All done up like a gent,
   with your patent-leather hair,
and a floozy in your pockets
   who's finer than a flower,
you dance around the milongas
   with an air of great importance,
putting on a performance
   and glistening with finesse.

Cualquiera iba a decirte,
   che, reo de otros tiempos,
que un día llegarías
   a rey de cabaret,
que pa' enseñar tu corte
   pondrías academia...
Al taura siempre premia
   la suerte que es mujer.

Anyone could have told you,
   you one-time freeloading bum,
that one day you'd become
   the king of the nightclub scene,
that to teach your special moves
   you'd open up an academy...
For lady luck is a madam, pal,
   and she always picks a stud.

Bailarín compadrito,
que floriaste tu corte primero,
en el viejo bailongo orillero
de Barracas al sur.

'Cause you're a badass dancer,
who got his first hot moves down
in the old dancehall at the edge of town
south of Barracas station.

Bailarín compadrito,
que quisiste probar otra vida,
y al lucir tu famosa corrida
te viniste al Maipú.

'Cause you're a badass dancer,
who was dying to get a new lifestyle on,
and you came to Maipú to light up the salons
with your famous syncopation.

Araca, cuando a veces
   oís La Cumparsita
yo sé cómo palpita
   tu cuore al recordar
que un día lo bailaste
   de lengue y sin un mango
y ahora el mismo tango
   bailás hecho un bacán.

Come off it, from time to time
   you hear "La cumparsita"
and I know your heartbeat throbs
   to remember way back when
you used to dance it in shirtsleeves,
   without a dime to your name,
and you dance the same song now
   a dressed-to-the-nines made man.

Pero algo vos darías
   por ser sólo un ratito
el mismo compadrito
   del tiempo que se fue,
pues cansa tanta gloria
   y un poco triste y Viejo
te ves en el espejo
   del viejo cabaret.

But you'd rather give up everything
   to be, just for a moment,
that same badass hoodlum
   from a time that went away,
since too much success can get tiresome
   and you're looking a little wearier
and older in the mirror
   of that same old cabaret.

NOTE
Several parties have now objected, with varying degrees of mildness, to my rendering compadrito with the term "badass." Since I imagine the objection will again be brought to my attention before too long, let me take a moment to respond to this delicate question in due detail, so that future discussions may be referred here.

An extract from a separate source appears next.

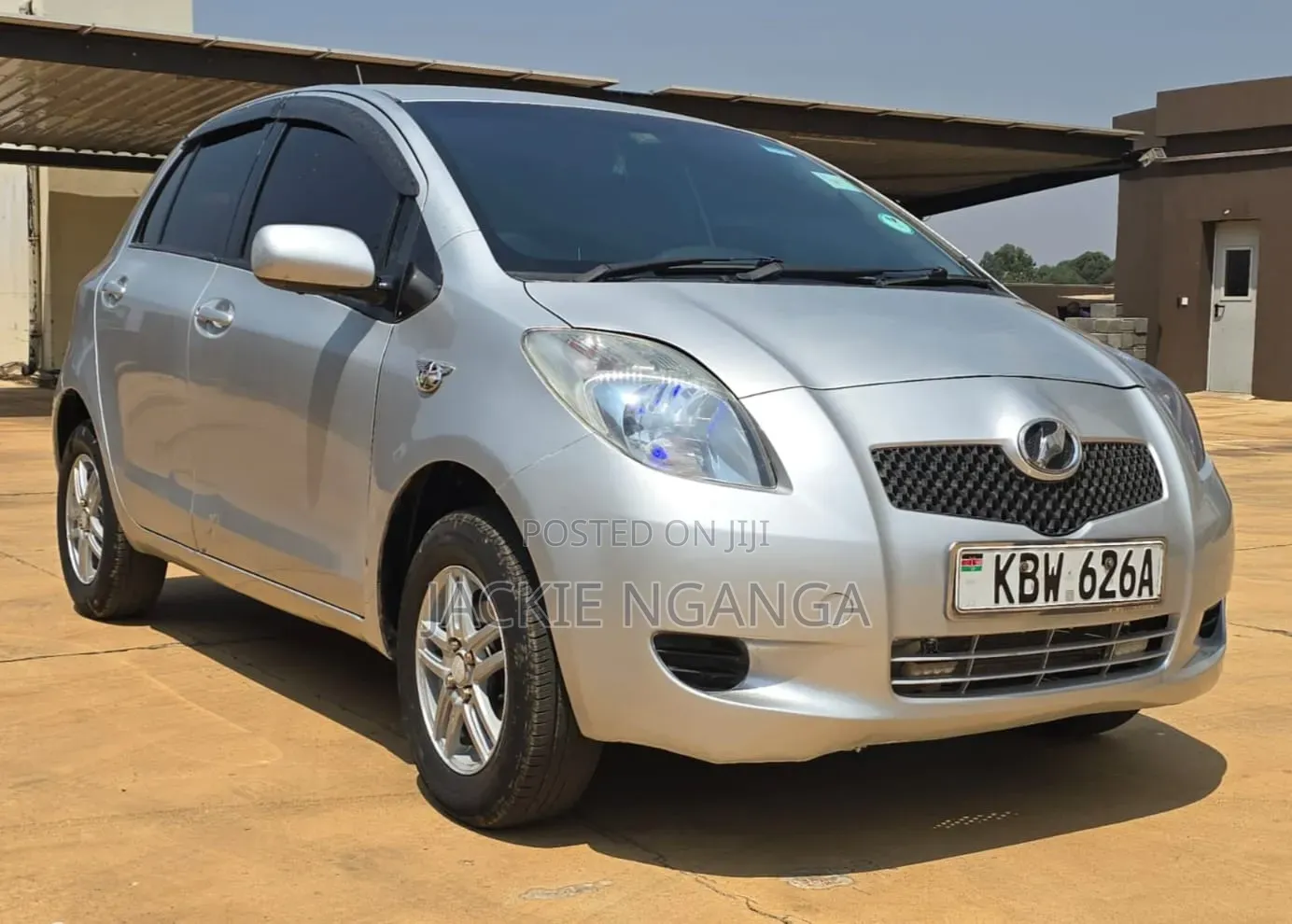 Toyota Vitz 2006 Silver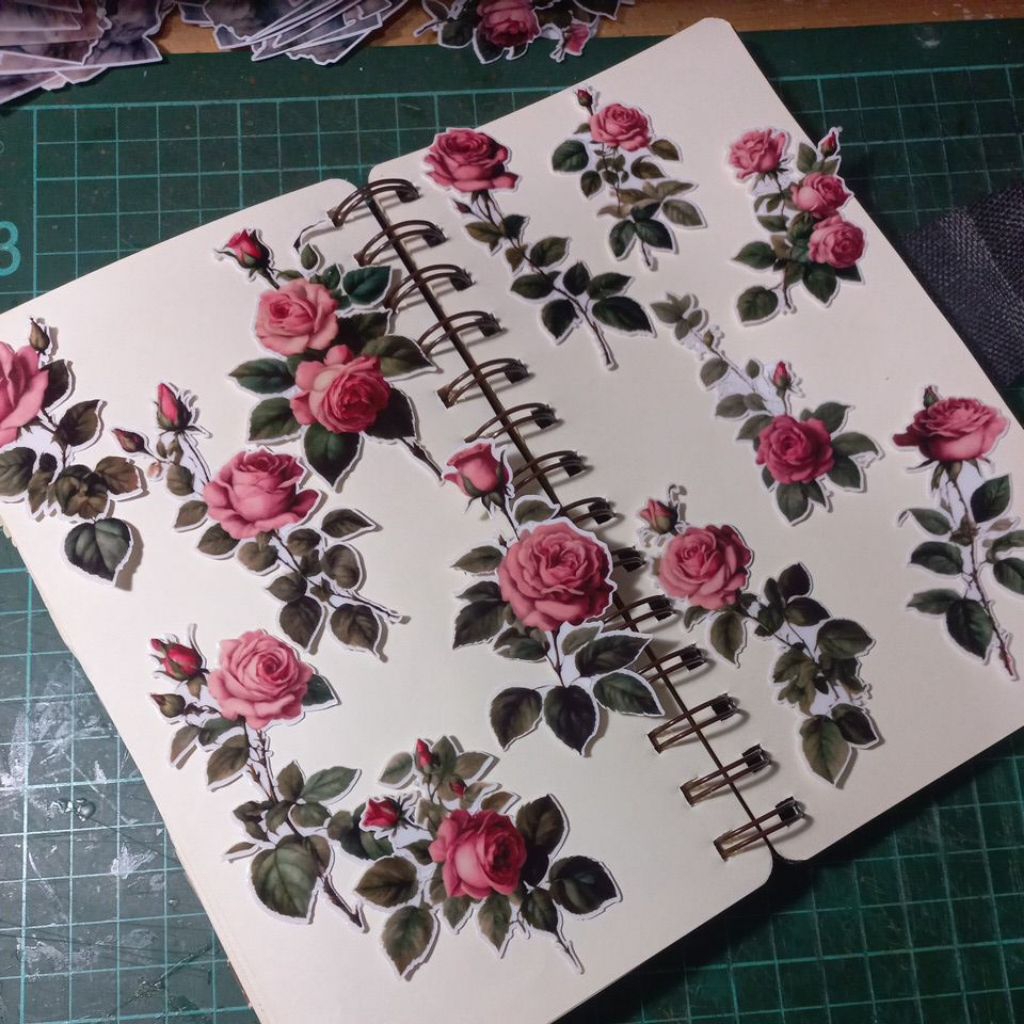 

ARTDOESWORK Among the beauty 2 stiker transparant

Compadrito actually does mean "badass."

A certain porteña I'd never met before once told me, in a thick accent, that "badass" carries a pejorative connotation which the Spanish term doesn't have in Buenos Aires. She suggested I find a suitable alternative. I told her I'm a native speaker of English, and that "badass" has never been pejorative, or even negative.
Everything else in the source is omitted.